Together with technology partner Mobileum, GSMA has developed a new international fraud deterrent system, unveiled on Tuesday at MWC21 as a proof-of-concept model. GSMA now invites the global telecoms industry to trial the model.
The invitation is open for a range of global telecoms stakeholders to participate, including mobile and fixed carriers, voice over IP operators, voice and signalling wholesalers around the world. The aim of the trial is to evaluate advanced collaborative fraud and nuisance call prevention techniques.
The GSMA is an industry organisation that represents the interests of mobile network operators worldwide. More than 750 mobile operators are full GSMA members and a further 400 companies in the broader mobile ecosystem are associate members.
GSMA Chief Technical Officer, Alex Sinclair, said the US Federal Communications Commission recently said fraudulent robocall schemes costs American about $10 billion yearly, with most perpetrators operating overseas.

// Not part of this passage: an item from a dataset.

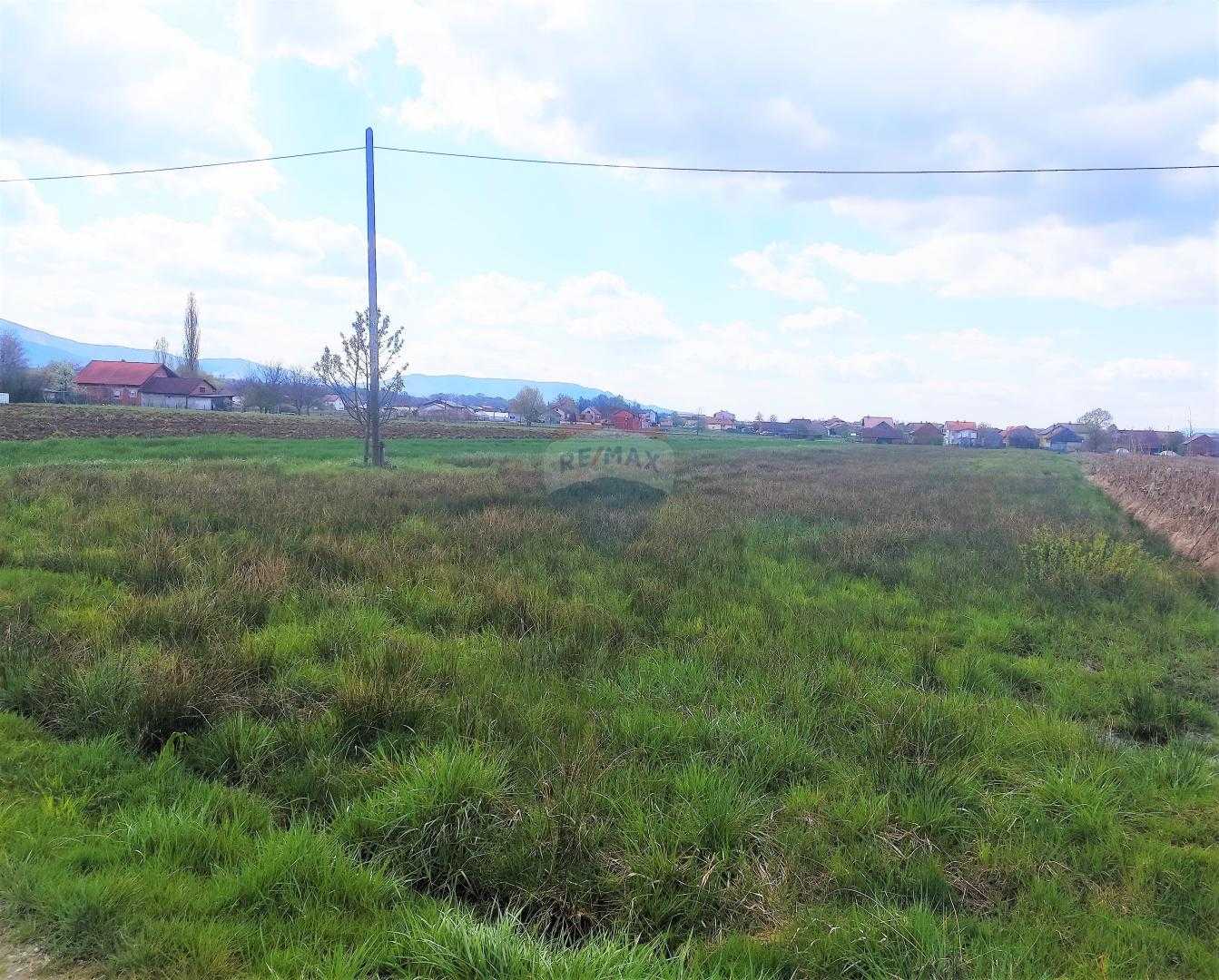 Terre dans Jakovlje, Zagrebacka Zupanija 12035252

Sinclair said it’s a challenge faced by citizens globally, which is “why we’re calling on telecoms operators – mobile, fixed-line, Internet-based and wholesalers – to share their insights and experience so we can together locate and mitigate these sources of fraudulent activity.”

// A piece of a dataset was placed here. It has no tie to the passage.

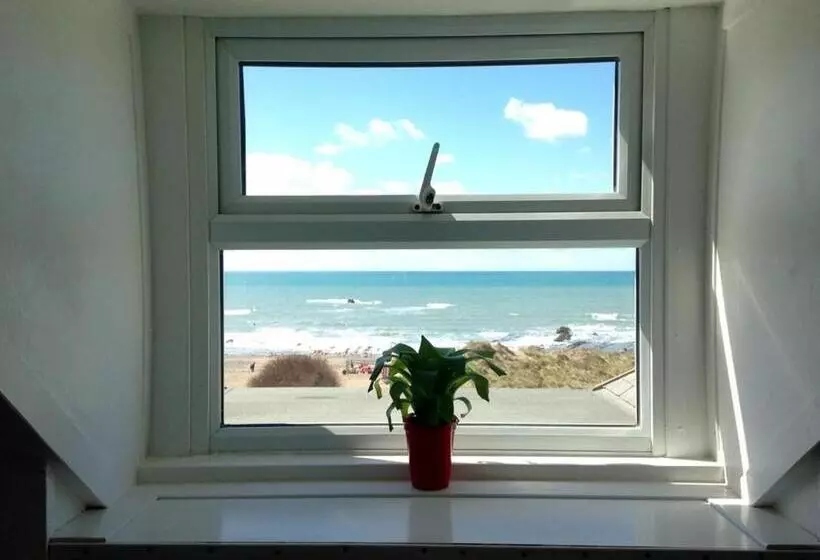 Standard Neljän Hengen Huone Merinäkymä, Beach House B&b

The joint initiative will explore a series of tools using real fraud incidents, which will help limit a wide variety of fraud and nuisance calls. These include: Case handling – allowing multiple networks to work on a problem: Call path tracing – to find the source of a call when that source is disguised; Live threat monitoring and alerts – providing a real time view and warnings about active fraud campaigns; Network identifier address book – providing an authenticated list of network identifiers; and Call validation – to confirm the provenance of a call.

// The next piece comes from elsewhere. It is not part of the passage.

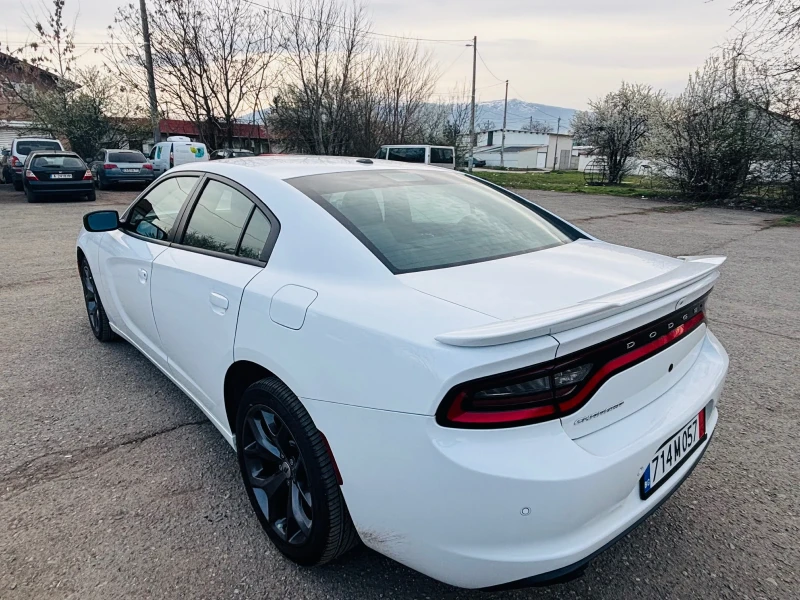 Dodge Charger 5.7 HEMI, снимка 4 - Автомобили и джипове - 50104862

Chief of Risk Management business at Mobileum, Rui Paiva, said, “By combining the industry’s collective intelligence and locally based information with our latest technology, we can deliver game-changing support to tackle fraud,” said “Our cloud-native platform provides the necessary tools to make a material difference, delivering the results and improvements everybody wants.”
Though, the Nigerian Communications Commission (NCC) had been able to stem the tide, Nigeria had in the last three and half years battle call masking, call refilling and SIM boxing, which are all targeted at fraudulent call services.
SIM Boxing or Interconnect Bypass Fraud has been one of the most prevalent frauds in the telecoms industry today. It happens when calls made via the Internet are sent to Simboxes (machines that house SIM cards), which redirect this illegal voice over Internet protocol (VoIP) traffic onto mobile networks.
Call masking on the other hand is when a call is masked or refilled when a number is deliberately classified to a different route and SIM boxing to describe one of the many tools in use) has many dimensions.
According to experts, SIM boxing fraud costs the industry to lose about $3 billion in revenue yearly. The Chief Executive Officer, NCC, Prof Garba Danbatta, had described call masking as a phenomenon, whereby an international call is masked to appear as a local call on any GSM network in Nigeria while SIM Boxing on the other hand refers to electronic boxes or devices with multiple SIMs that have the capacity to terminate calls at local interconnect rates.
He recalled that SIM Boxing started at the time the Commission decided to review international termination rates from N3.90 per minute to N24.40 per minute for international inbound traffic, which provided an opportunity for technology manipulators to terminate calls at N3.90 per minute and cart away the difference, thereby cutting the revenue meant for the operators and by implication the government. A SIM box, he explained, has the capacity to receive and transmit calls undetected.
“However, the challenge is that these SIM boxes are never type-approved by the Commission, an indication that they are being used illegally in the country,” he had said.
Determined to end the twin evil, the NCC had, vide a letter with Ref: TSNI/GEN/VOL.4/115, directed relevant licensees to ensure the cessation of call masking or refiling activity on their networks. A deadline was set. Furthermore, on August 3, 2017, at a stakeholders meeting organised by the Commission in which the affected companies participated, it was resolved that a comprehensive investigation would be carried out by the NCC to determine the companies/licenses involved in the illegal act
Licensees were warned to desist from the practice. It was also agreed that identified culprits would be sanctioned as part of measures to forestall the negative impact of this incidence on national security.